### Provided material

----------------------------------------

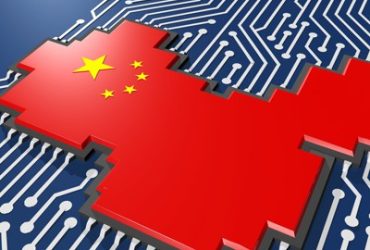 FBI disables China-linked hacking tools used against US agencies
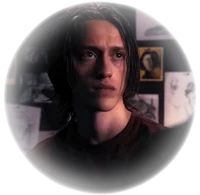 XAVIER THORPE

----------------------------------------

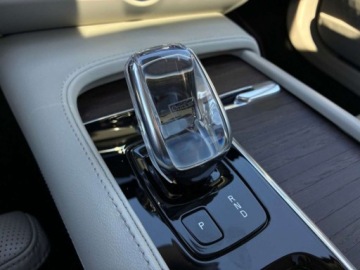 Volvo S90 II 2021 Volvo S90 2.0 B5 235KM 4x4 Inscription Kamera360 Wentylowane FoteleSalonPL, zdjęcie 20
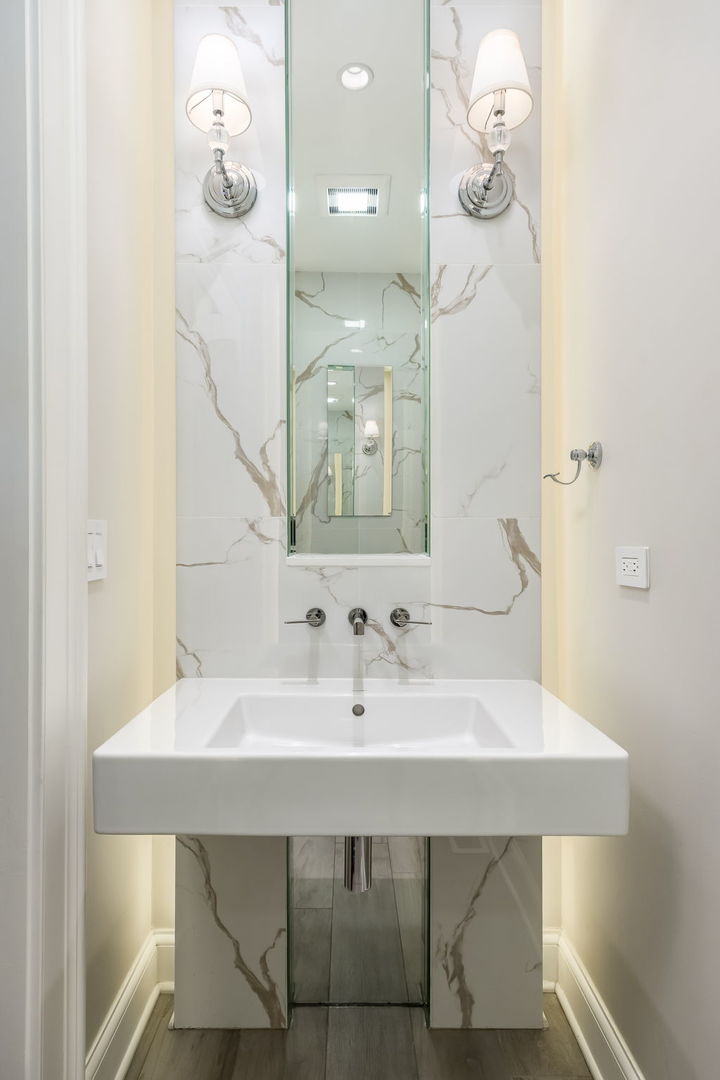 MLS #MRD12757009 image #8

----------------------------------------

With the pictures removed, print only the lines starting at the line that has "FBI disables China-linked" and ending at the line that has "XAVIER THORPE", both ends included, exactly as they stand above.

 FBI disables China-linked hacking tools used against US agencies
 XAVIER THORPE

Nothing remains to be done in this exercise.